CNN has projected that Mitt Romney will win Sunday’s primary in Puerto Rico, and Romney will most likely receive all 20 of Puerto Rico’s delegates. Romney had the support of Puerto Rico’s Republican governor, Luis Fortuño, and was expected to win handily.
But Robert G. de Posada, the former president of the conservative Latino Coalition, has an op-ed at the Daily Caller charging that Romney “sold out his conservative principles” in order to win big in the Caribbean territory. De Posada points out that Congress has often required territories with large non-English speaking populations to agree to use English officially within government and in schools before allowing those territories to achieve statehood. Romney, he says, pandered to pro-statehood sentiments in Puerto Rico while ignoring this precedent as well as his own position back on the mainland:
On Thursday, Romney called a radio station in San Juan (Noti-Uno) for an interview with a local reporter. When asked if he would support requiring that English became the principal language of government as part of a petition for statehood, Romney said no. When asked if he thought the legislature should have English as the principal language, once again Romney said no. He even opposed requiring English in the courts and public schools.

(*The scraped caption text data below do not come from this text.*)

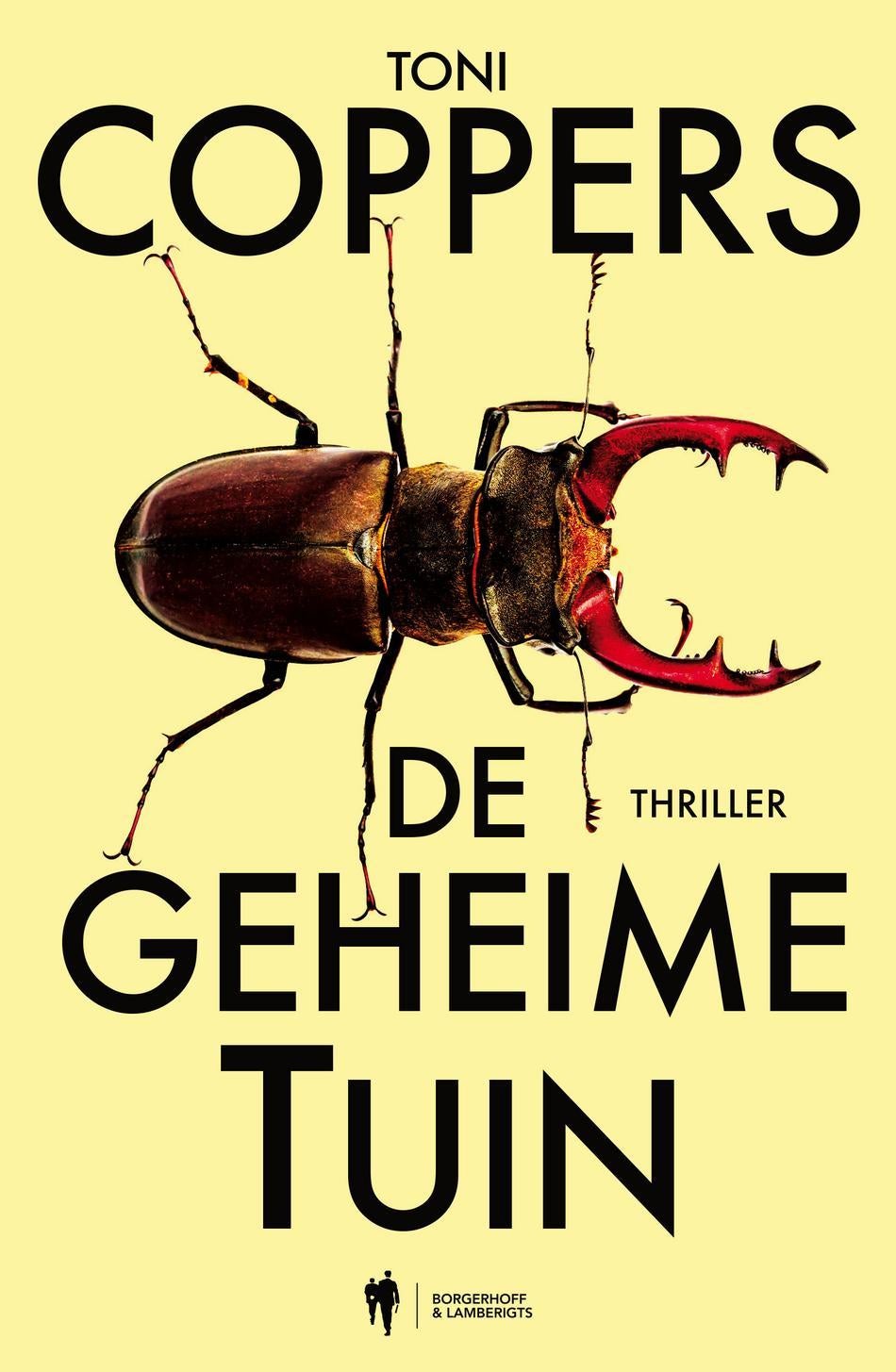 De geheime tuin (E-book)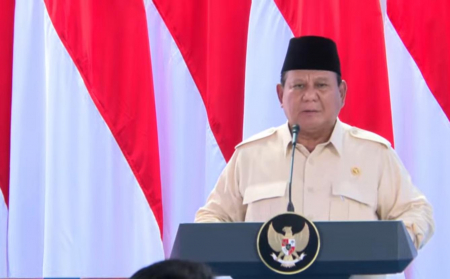 Presiden Prabowo: Pendidikan Jadi Kunci Utama Bangkitnya Bangsa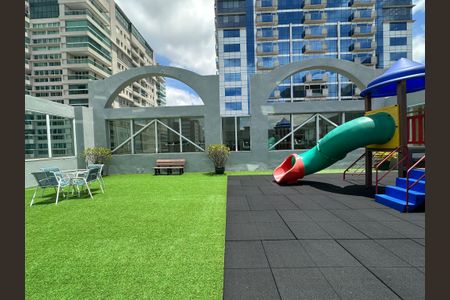 Apartamento para alugar com 57m², 1 quarto e 1 vagaÁrea comum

In Louisiana and Alabama, Mitt Romney is for English as the official language of the United States. In 2008, when Romney sought the GOP nomination, he was upfront about his opposition to bilingual education and his support for ending it in Massachusetts. But in Puerto Rico, he is a strong advocate of bilingualism and opposes requiring the state to make English the principal language of the legislature, courts and public schools. This only makes sense in the Romney World of Flip Flops.
But Romney took it a step further. He stated that a simple majority of 50% + 1 was enough for him to aggressively support statehood for Puerto Rico. As Rick Santorum said during his trip to Puerto Rico, “We need a significant majority supporting statehood before it’s considered. Why would we want a state where nearly half of its residents do not want to be part of the Union?”
Santorum should be commended for staying true to his conservative principles even when it was not politically convenient. Santorum could have pandered to the pro-statehood governor of Puerto Rico in order to get the 20 delegates at stake, but instead the former senator spoke the truth and told Puerto Rican voters a reality they needed to hear. Immediately after, Romney’s campaign started attacking Santorum and maliciously twisting his comments, telling voters that the former senator was advocating “English-only” and was against Spanish.
In contrast to what the Romney campaign said, Santorum Puerto Rico would have to stress English in addition to Spanish, before getting statehood.
Rick Santorum Wednesday became the first Republican presidential hopeful in this election to visit Puerto Rico before the island commonwealth’s Sunday primary, taking a controversial stand on statehood that he was forced to defend this morning after losing a key supporter.
[...]“What I said is English has to be learned as a language and this has to be a country where English is widely spoken and used, yes,” Santorum told reporters, stating that the use of English should be a “condition” if Puerto Rico is to become a state. The island, he said, “needs to be a bilingual country, not just a Spanish speaking country.”
“I think English and Spanish – obviously Spanish is going to be spoken here on the island – but this needs to be a bilingual country, not just a Spanish-speaking country, and right now it is overwhelmingly just Spanish speaking. But it needs to have, in order to fully integrate into American society, English has to be a language that is spoken here also and spoken universally,” Santorum explained.
“I think that would be a condition. I think it’s important. And I think if you talk to most parents, they want their children to learn English. It is essential for children in America to be able to speak English to fully integrate and have full opportunities,” he added. “I don’t think we’re doing any more than, you know, people who come to America on the mainland. We’re not doing them any favors by not teaching them English.
There is a clear contrast between these two men: Mitt Romney is not a good man. He just says what people want to hear in order to win, and then when elected he will govern like a pro-abortion, pro-gay-marriage, tax-and-spend liberal – that’s what he did in Massachusetts.